Wednesday, January 30, 2008

Confusion

Women and men are worse off today than our parents may have been. How, you ask? Yes, there is the whole devaluation of the dollar, the shrinking of the middle class, blah, blah, blah. But the real confusion, the kind that can pit one spouse against the other, occurs because gender roles for men and women are no longer so clearly defined. The patriarchal world, the one our mothers understood and maneuvered, has been scrambled, jumbled, and messed up, leaving all of us scratching our heads. This is the age when the Metrosexual Male, those men in touch with their feminine side, is a part of our consciousness about male identity. We now know there is a distinction between swishy men and those simply into good grooming practices. This gender confusion now makes a marriage a constant battle ground as we try to figure out what our roles are supposed to be.

Most of my friends in LA had no such concerns. They seemed content to stay at home, assuming traditional roles, the very roles Betty Friedan and others had fought against. Most seemed relieved actually to be able to stay at home, even if they were bored witless by the lack of intellectual strenuousness in this 'privilege'. Now that I think about it, most never, ever voiced concern at all. It was more of a collective sigh of relief that they'd found a man, caught a man, and thank goodness he's a good earner, and can now stay at home being taken care of by this very man. It was all a bit disturbing, as if the last forty or so years since the ardent feminists had argued more for our sex had never occurred.

Some could argue that educational levels may play a part in a woman's satisfaction or dissatisfaction with their marriage. The more educated you are, the less likely you are to be satisfied. And certainly not to stay at home playing the dutiful wife. Sad, isn't it? The higher your degree, the certainty of your unhappiness. When I look back on this particular group of friends from LA, most had a BA, although some couldn't even claim that. Very few had anything beyond a BA. Most had worked, but seemed to be happy to not have to do it again. Some even had lucrative careers, financially, if not all that stimulating. One could say they were happy to have avoided a life of the middling management life by getting married. And most could never understand what it was I did with my time when I claimed, 'to be working.'

The writing life is a mystery for most people, other than other writers. We do this thing, most people aren't really capable of doing, alone, for hours on end. The end product may or may not get published, thereby adding a sense of futility or, if one is so inclined, as masturbatory. We are a world where productivity has to match some result. But the writing life is one where such artificial expectations defeat the whole purpose of this thing you are driven to do.

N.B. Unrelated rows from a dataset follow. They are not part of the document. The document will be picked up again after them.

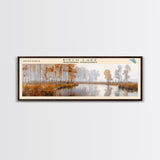 Birch Lake Framed Canvas Print, Panoramic Lake House Decor, Scenic View, Travel Poster, Rustic Art, Lake Painting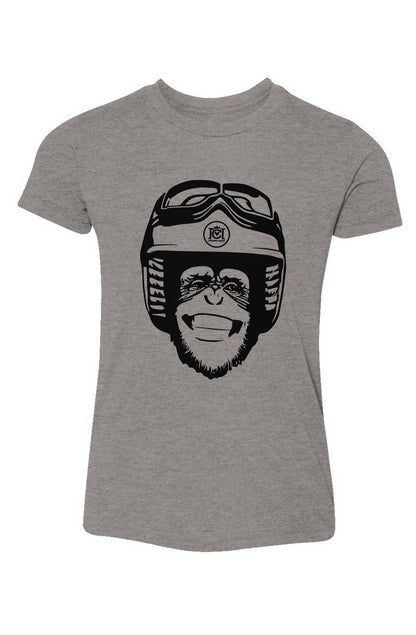 Moto Monkey Youth T-Shirt, moto monkey, monkey, chimp, chimpanzee, motorcycles, mw, motorbike, ride, riders, youth, kids, unisex, triblend, heather, kid's t-shirt, motorcycle lifestyle, humor, funny, cute shirt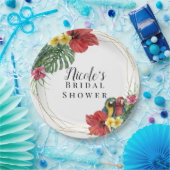 Assiettes En Carton Ile tropicale Paradise Oiseaux Floral Botanique (Fête)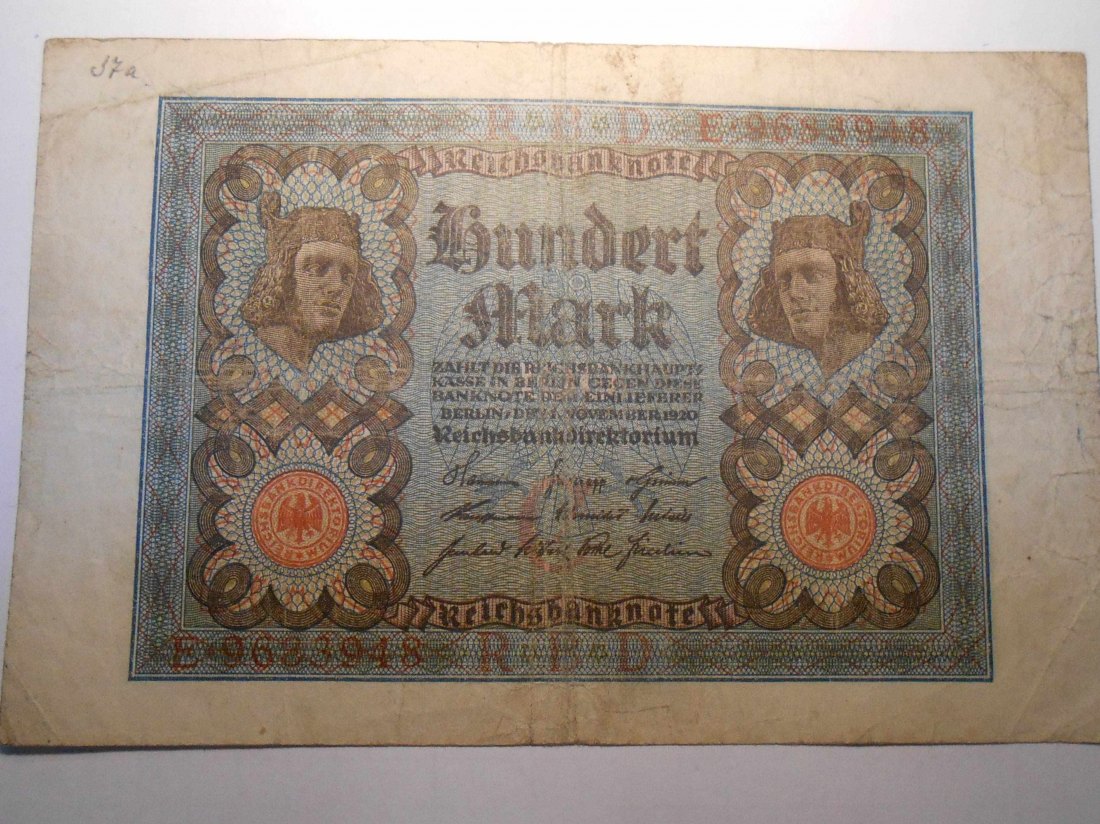  Banknote(3)Weimarer Republik 100 Mark, Reichsbanknote (RBD), 1.November 1920 Ro 67a / DEU-75a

My marriage sometimes feels like an archaeological expedition as we try to dig out clearly defined roles for both husband and wife. Our search and negotiation is all the more vexing because of the ephemeral quality of my work. What's worse for my dear husband is the fact I was raised by parents, despite being Asian, who are ardent feminists. I was told my entire life that a woman's happiness depends on her ability to carve out a separate identity from wife and mother. That really, men may leave, and children will definitely leave, therefore you'd better have something of your own or you are screwed. This also went along with all women should absolutely have money of their own. The idea of a woman's financial life being dictated by a man is absolute anathema to them, and would be a signal of failure.

With such pressure, you can imagine the sense of urgency in our search for our respective roles as husband and wife. And how complicated it all becomes since I view my career and the productivity of my writing life as important as his. Sometimes when we've gone around and around about these very issues, I secretly wish I could be more like my friends, those content with being just a wife and mother. This secret wish lasts a nanosecond once I recall the underlying boredom and unhappiness each exhibited, sometimes unwittingly. But nonetheless, I do harbor it, every so often.

Life would be so much easier if our roles for husbands and wives, were clearer less amorphous. But it seems all of it gets murkier each year, all of us floundering around trying to figure it all out for ourselves. I suspect divorces will start to occur with some frequency in the next five years. Whether or not they will be the result of the confusion in gender roles still remains to be seen. All I know is the archaeological expedition seems to go on and on, each year bringing a new territory to be explored.